The rest of the trip is filler and diplomatic "nice to have" stuff like onboarding Denmark as a source of investment for green/hydrogen manufacturing, the summit with Nordic PMs etc.

It is better that way. As pragmatic as possible.

When Europe and the US (by way of its "many politicians, experts and newspapers") fully introspect and come clean about such things as:

- the holocaust (something that will not happen in India though it is far poorer + less developed even today)
-operation paperclip (and its consequences from its root hypocrisy allowed to stand unchallenged/unrectified to this day)
- cold war geopolitical extreme hypocrisy and consequences impacted on the victims of this
- their role in colonialism predating a lot of this.....

relative to their relative developed asserted enlightenment and economic standing at these times....and how that came about...

....all of it impacting on how countries like India had and have the basic wherewithal to develop and strengthen sociopolitically and economically earlier and today...

When they do that (because they have only gone into all of that in a fraction of a percentage needed)...they can then be taken somewhat commensurately seriously on their credibility to go past "pragmatic".

Given there is massive economic exchange and reliance built on by Europe with a country that has developed a large network of concentration camps (that can be seen from space) to hold what is estimated to be 1 million people of an ethnic minority.

Something unparalleled in the current affairs of the world.

Till then India's problems are commented and addressed on far more credibly by Indians.

Well put.

It's naivete to imagine that anybody in the West would wantonly put a country that isn't completely subservient to Western interests (like Japan, SK) at the same 'democratic' level as them. Because if you do, you forfeit the possible usage of those tools against said country if and when that country were to act against your interests.

UK is also arguably also the most important country in Europe for India.

From a civilian, economic & cultural perspective, undoubtedly.

Europe map according to the largest foreign nationality residing within:

fZblsdm.png


However, from a military or strategic point of view, the most important country simply has to be France.

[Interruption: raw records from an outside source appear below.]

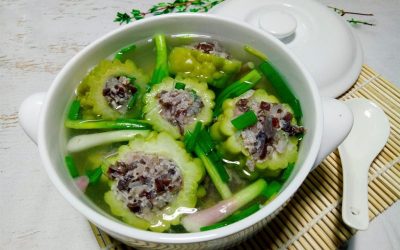 Canh mướp đắng nhồi thịt ngày tết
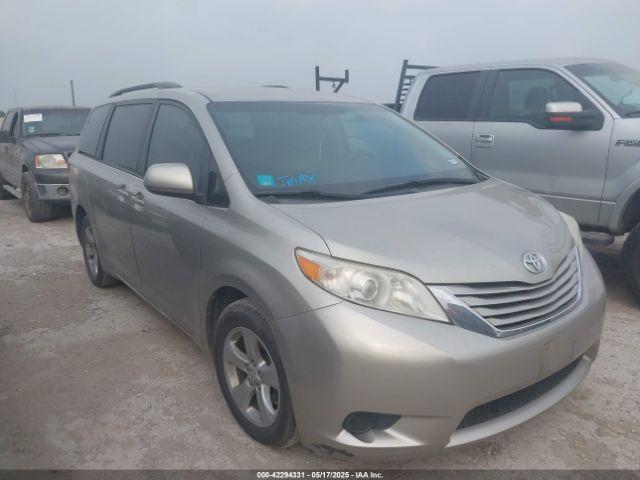  Salvage Toyota Sienna
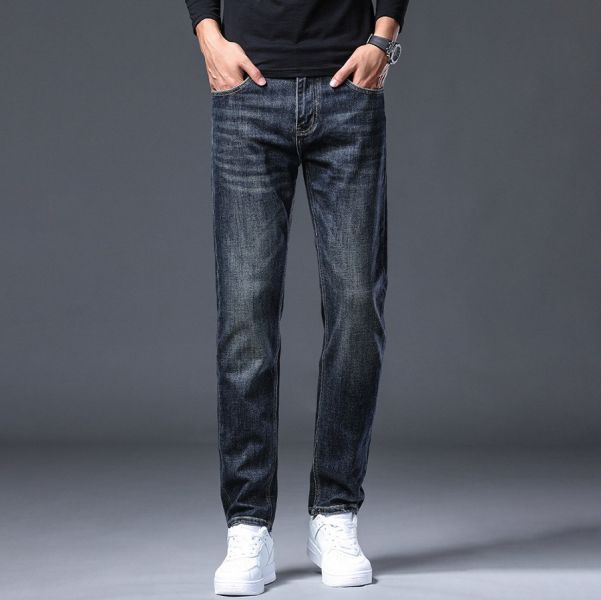 藍韻潮流直筒牛仔長褲 - 1配色 幕峰MuFeng,男士牛仔褲,藍色牛仔長褲,直筒牛仔褲,寬鬆版型牛仔,秋冬男裝穿搭,休閒百搭長褲,高端質感牛仔,日常牛仔褲推薦,潮流男士褲款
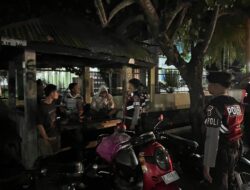 Patroli Presisi, Samapta Polres Dompu Jaga Kamtibmas Lewat Sentuhan Humanis di Malam Hari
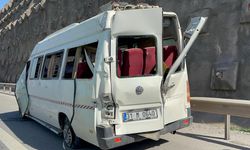 Hatay'da Minibüs Devrildi: 12 Yaralı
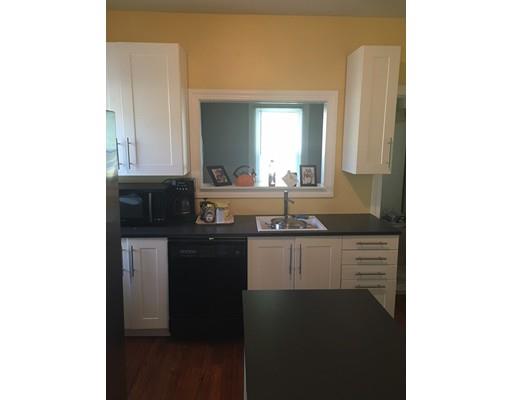 529 White St, Springfield, MA 01108 photo 3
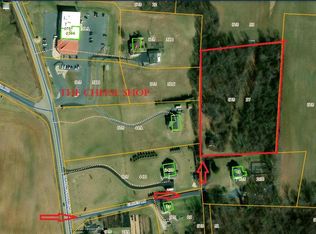 Tinkling Spring Rd, Stuarts Draft, VA 24477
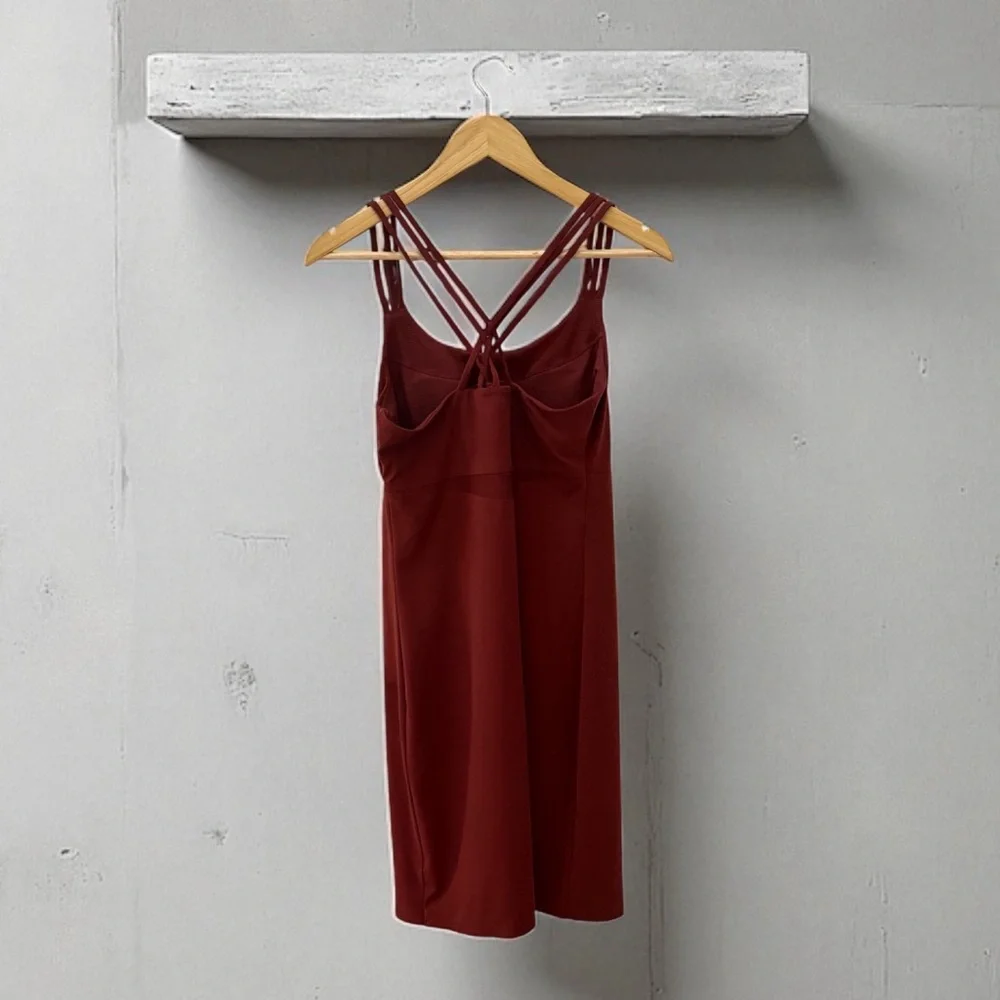 NWT Athleta Hyper Focused Stretch Dress! Burgundy! Medium! NEW! - Picture 2 of 8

Because from a security perspective (keeping the Indo-Pacific region in mind) the UK can always lean on the US/other Anglophone states, whereas France lacks large countries/former colonies in the region which implicitly share its world-view - this makes them more susceptible to work with a country like India in several areas where cooperation would otherwise be strictly limited to the most trusted of allies i.e. nuclear submarines.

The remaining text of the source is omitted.